== RECORDS SUPPLIED

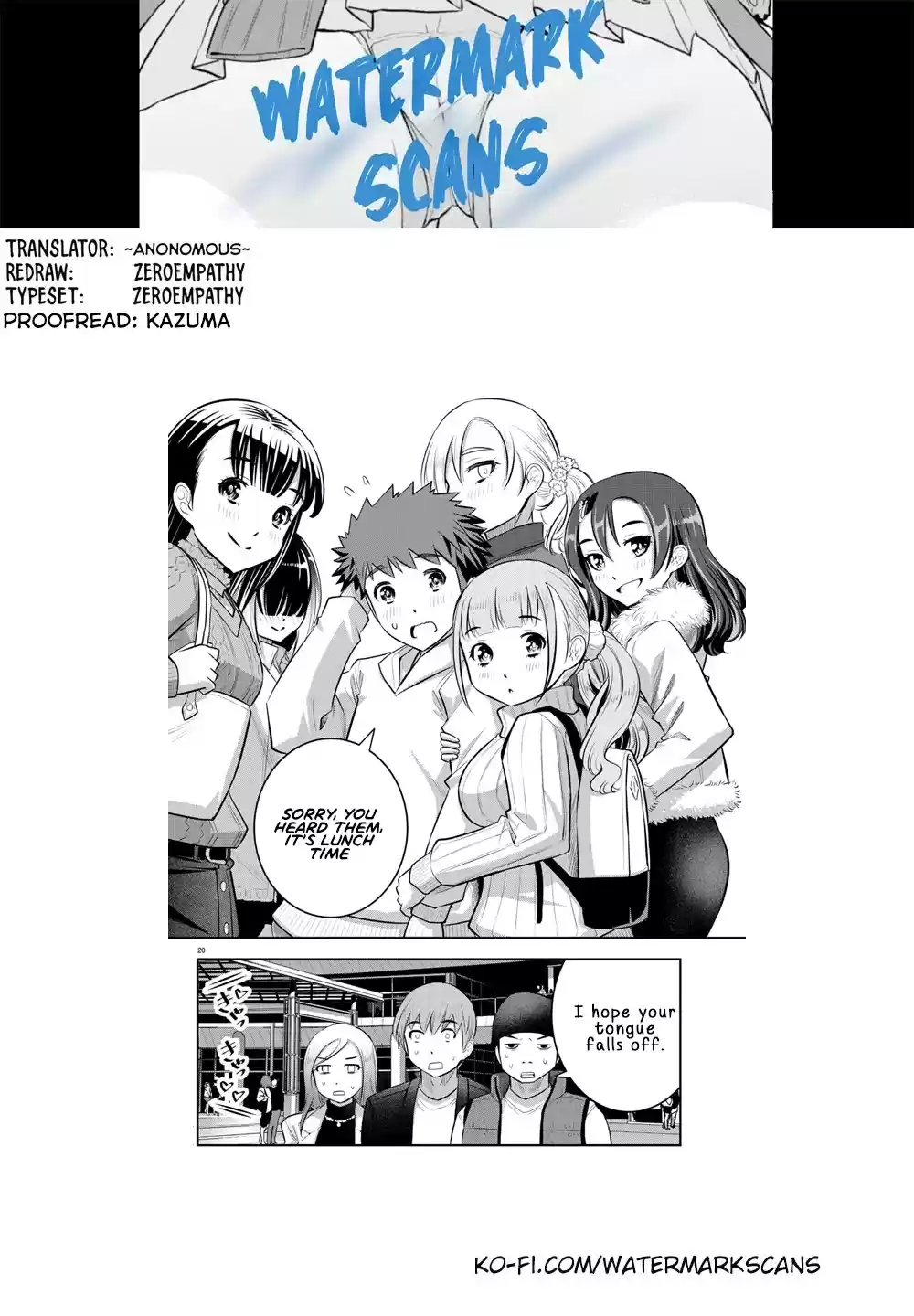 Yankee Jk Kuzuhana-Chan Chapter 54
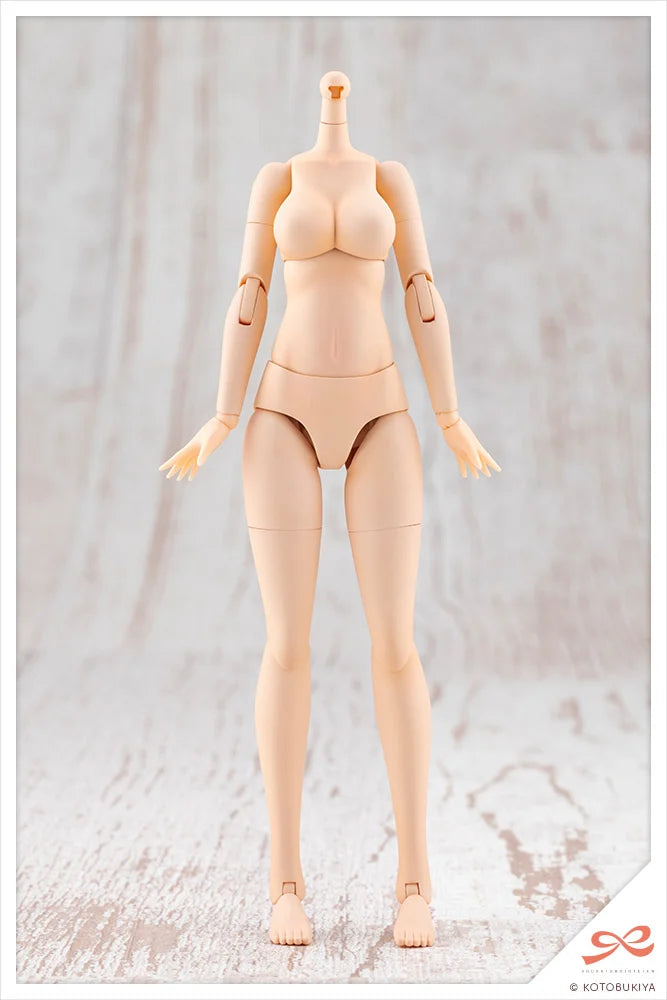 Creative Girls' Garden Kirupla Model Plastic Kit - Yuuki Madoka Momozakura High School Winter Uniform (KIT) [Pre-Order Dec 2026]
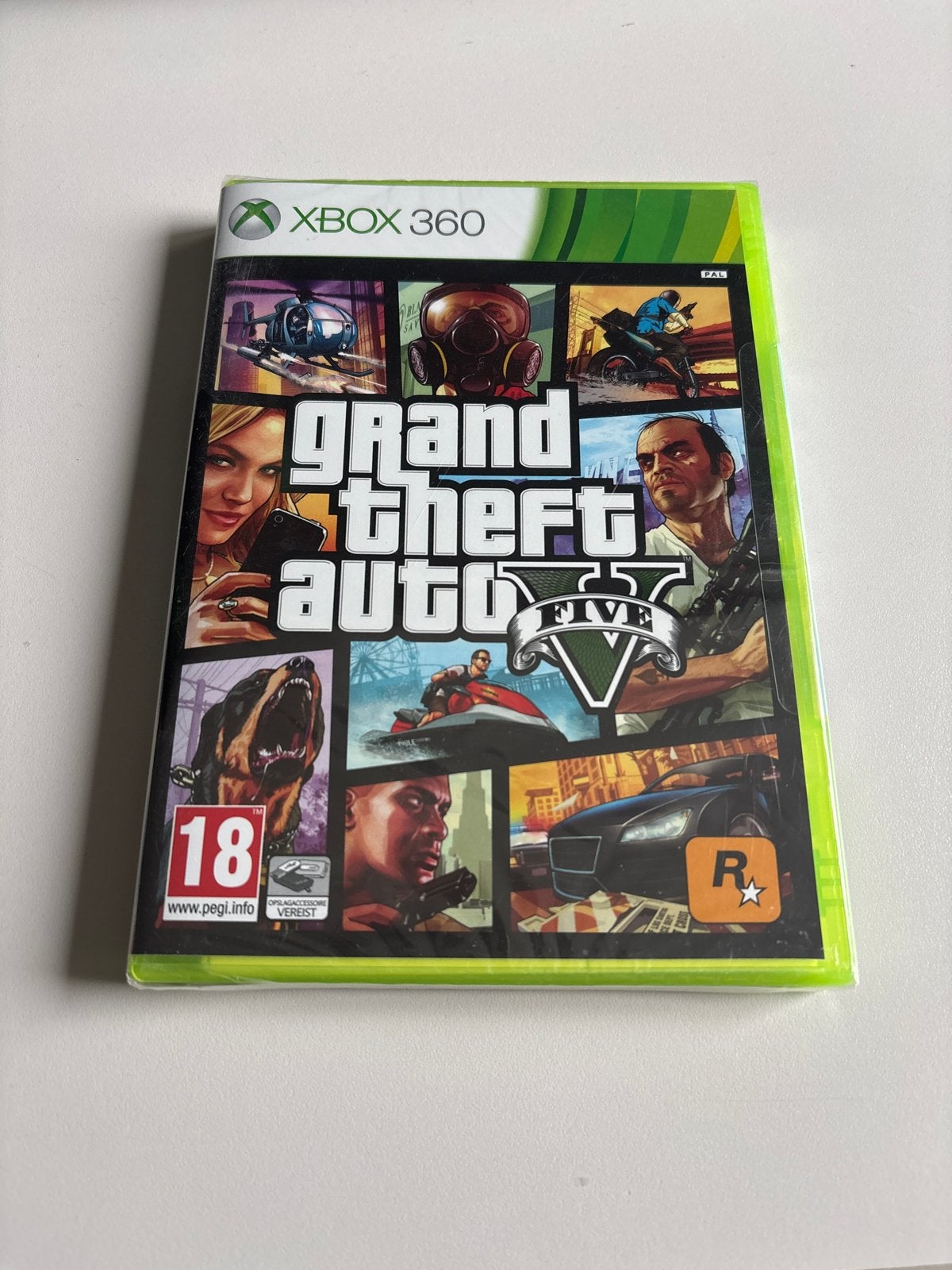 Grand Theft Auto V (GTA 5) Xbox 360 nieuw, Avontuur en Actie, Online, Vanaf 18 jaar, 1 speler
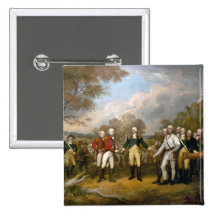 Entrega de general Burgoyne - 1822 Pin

====
== RECORDS SUPPLIED

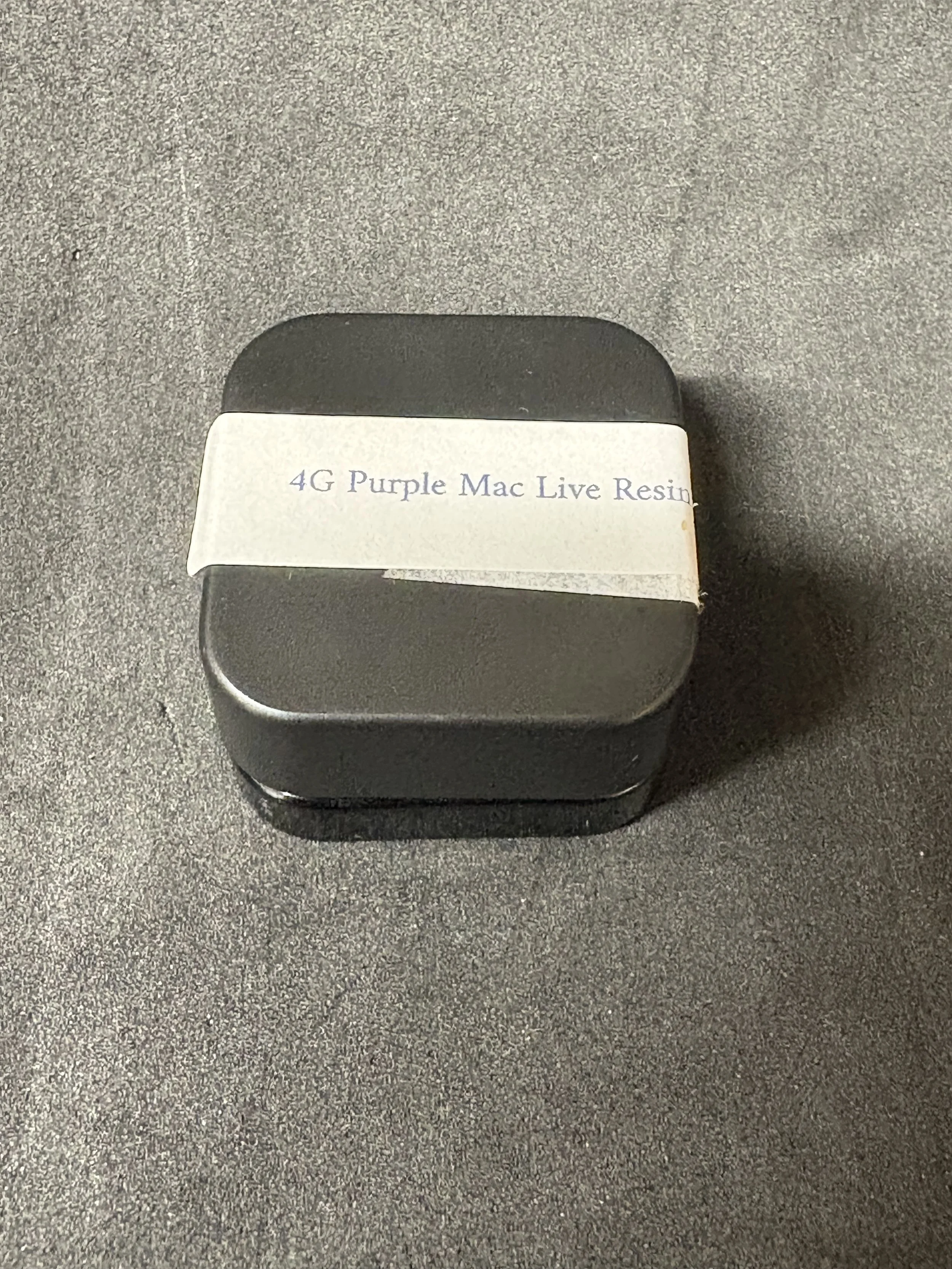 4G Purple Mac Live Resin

====
== RECORDS SUPPLIED

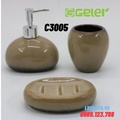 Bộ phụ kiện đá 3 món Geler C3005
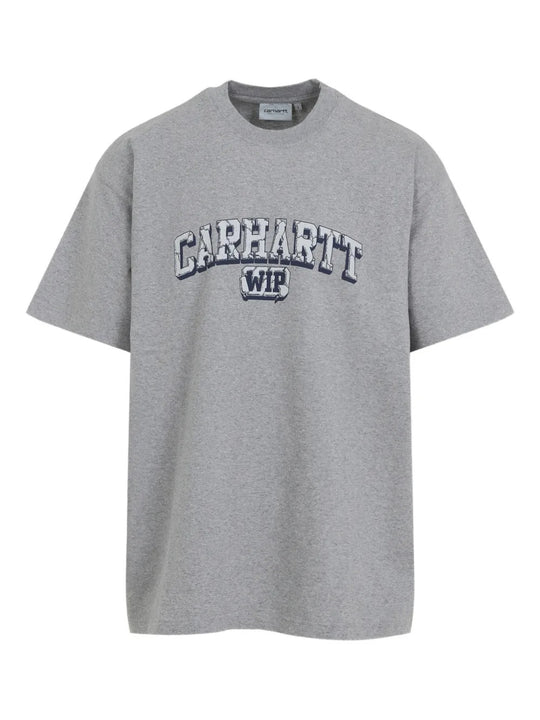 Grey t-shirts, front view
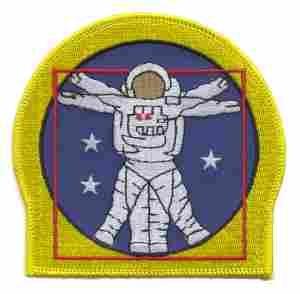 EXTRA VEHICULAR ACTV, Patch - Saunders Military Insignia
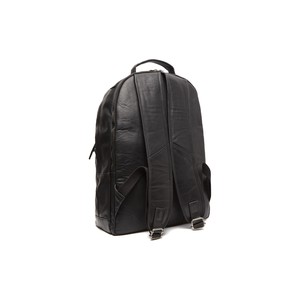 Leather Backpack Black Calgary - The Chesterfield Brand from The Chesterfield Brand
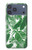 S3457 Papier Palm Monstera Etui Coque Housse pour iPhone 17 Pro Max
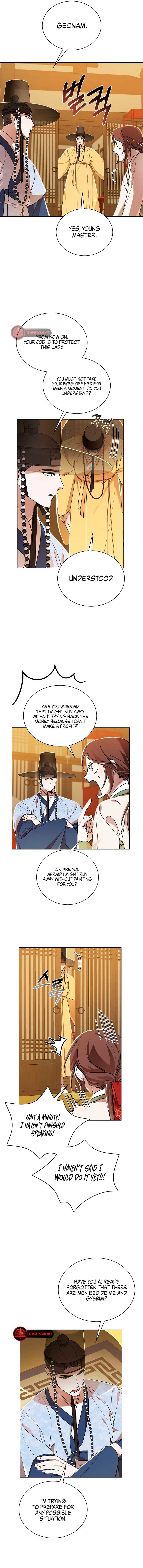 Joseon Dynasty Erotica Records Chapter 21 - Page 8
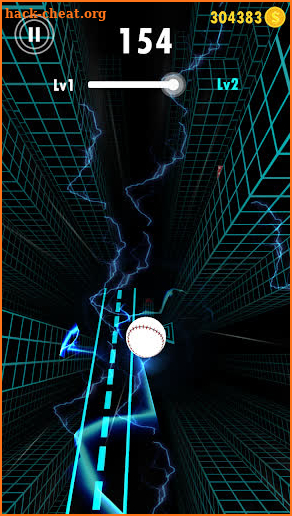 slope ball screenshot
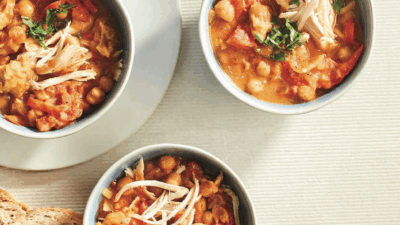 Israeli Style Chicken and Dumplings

====

PROBLEM REQUIREMENTS
While skipping the pictures, transcribe the data above from the line showing "EXTRA VEHICULAR ACTV, Patch" through the line showing "Israeli Style Chicken and Dumplings", exactly and with both ends.

ANSWER TO THIS PROBLEM
 EXTRA VEHICULAR ACTV, Patch - Saunders Military Insignia
 Leather Backpack Black Calgary - The Chesterfield Brand from The Chesterfield Brand
 S3457 Papier Palm Monstera Etui Coque Housse pour iPhone 17 Pro Max
 Joseon Dynasty Erotica Records Chapter 21 - Page 8
 slope ball screenshot
 Israeli Style Chicken and Dumplings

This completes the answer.